Hace 39 años, la provincia de Corrientes vivía una de las jornadas más trascendentes de su historia reciente con la llegada de Juan Pablo II, quien visitó la capital provincial en el marco de su gira pastoral por la Argentina.
La visita, impulsada por el entonces gobernador José Antonio Romero Feris, estuvo marcada por una intensa lluvia que generó incertidumbre desde las primeras horas del día. Las condiciones climáticas obligaron incluso a cerrar el aeropuerto, lo que puso en duda el arribo del avión papal.

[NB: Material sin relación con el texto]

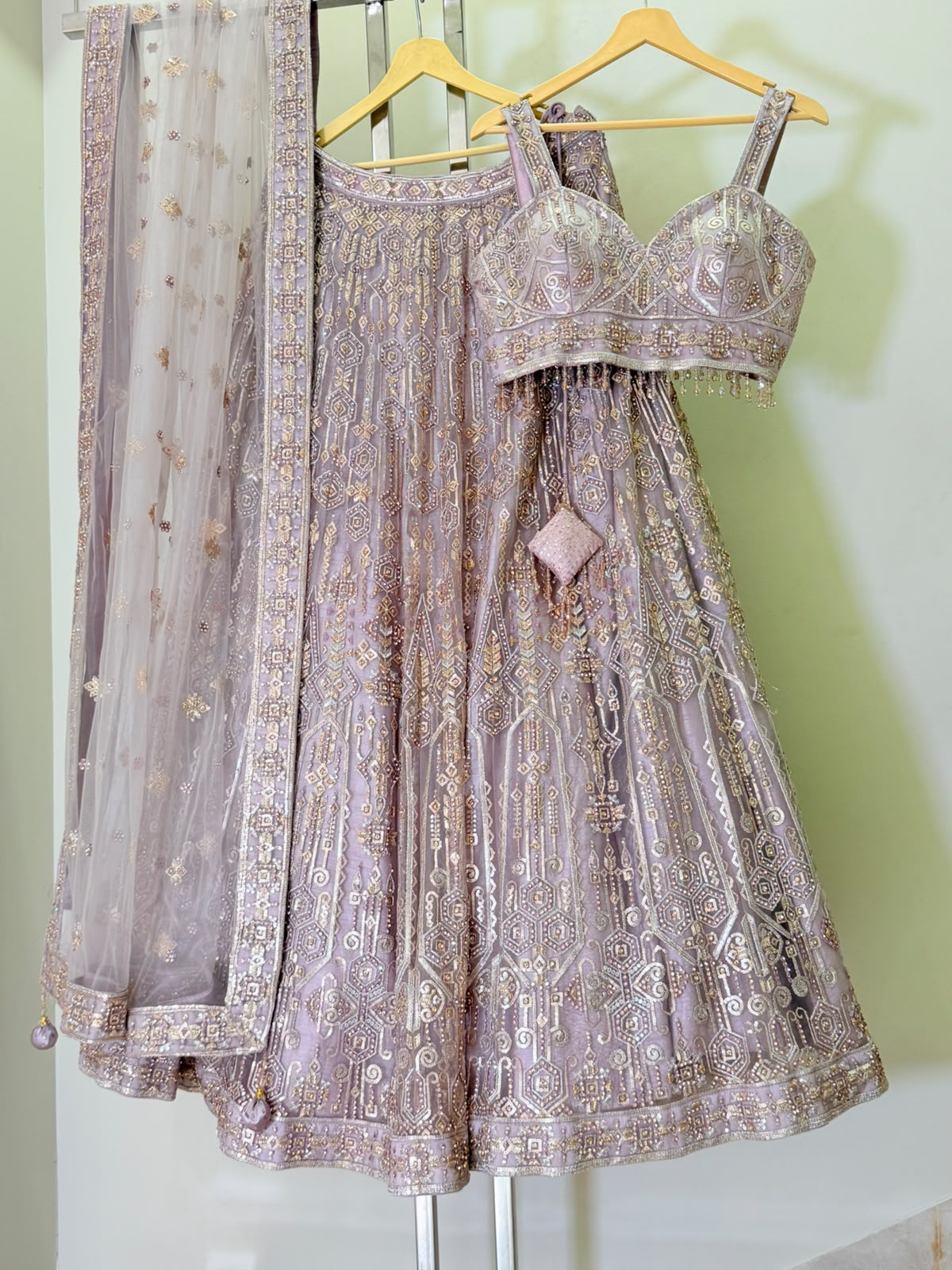 Nyraa Lavender Lehenga Choli with Gold Embroidery
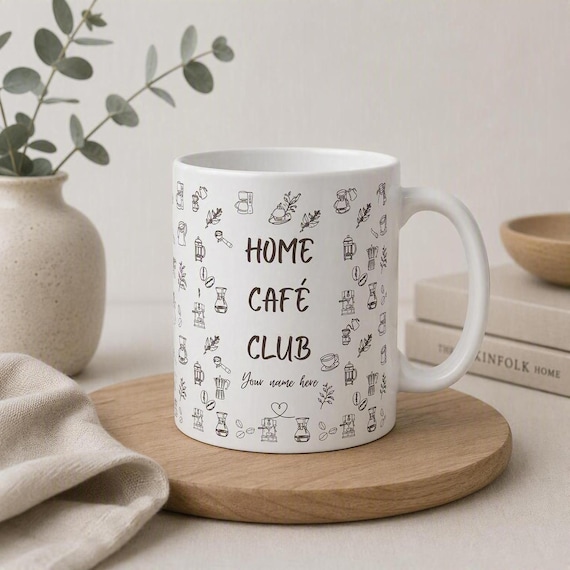 Personalisierte Kaffeetasse | Home Café Club Tasse | Tasse mit Namen | Kaffeeliebhaber Geschenk | Coffee Lover Tasse | Cozy Tasse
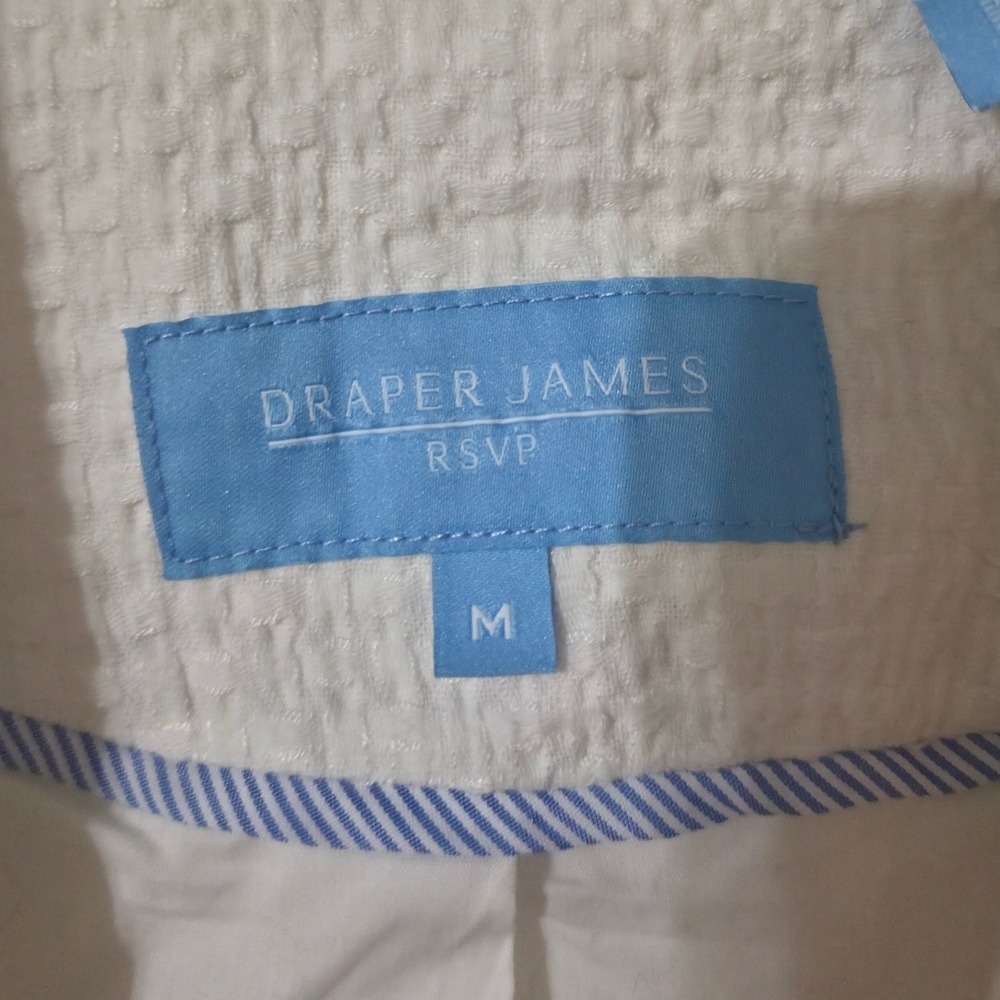 Draper James RSVP Textured Cotton Blazer White M Single Button Jacket - Picture 2 of 5
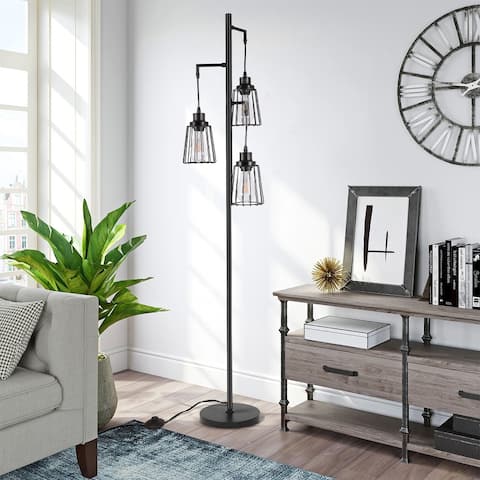 66" Black Tree Floor Lamp With 3 Metal Cage Shade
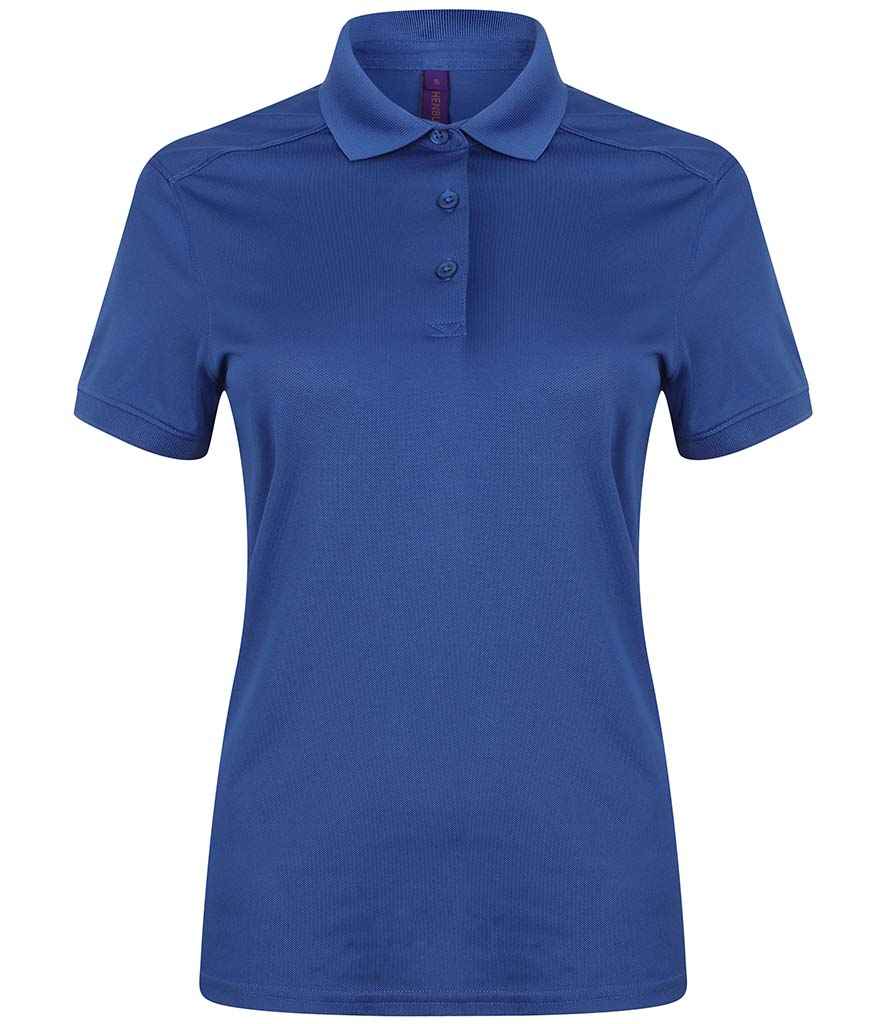 Henbury Ladies Slim Fit Stretch Microfine Pique Polo Shirt in Royal Blue by Henbury — Custom branded clothing by Print Press, featuring premium embroidery produced in our specialist print lab in the UK.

Según recordó el exmandatario, la expectativa se mantuvo hasta cerca de las 9 de la mañana, cuando finalmente se confirmó que el pontífice podía aterrizar. La noticia desató la emoción de miles de fieles que aguardaban su llegada a pesar del mal tiempo.
A lo largo de su recorrido, una multitud acompañó el paso del Papa, especialmente en la zona de la Rotonda de la Virgen, sobre la avenida Independencia. Se estima que más de 100 mil personas participaron de la celebración central, en una muestra de fe y devoción pocas veces vista en la provincia.

Durante su estadía, el líder de la Iglesia Católica mantuvo encuentros con autoridades eclesiásticas y políticas locales, además de protagonizar una celebración religiosa multitudinaria. Su dominio del español, su cercanía y su sencillez quedaron grabados en la memoria colectiva de los correntinos.
Karol Wojtyła, elegido Papa en 1978, fue uno de los pontífices más viajeros de la historia, con visitas a más de 130 países. Falleció el 2 de abril de 2005 y fue canonizado en 2014, consolidando su legado espiritual a nivel mundial.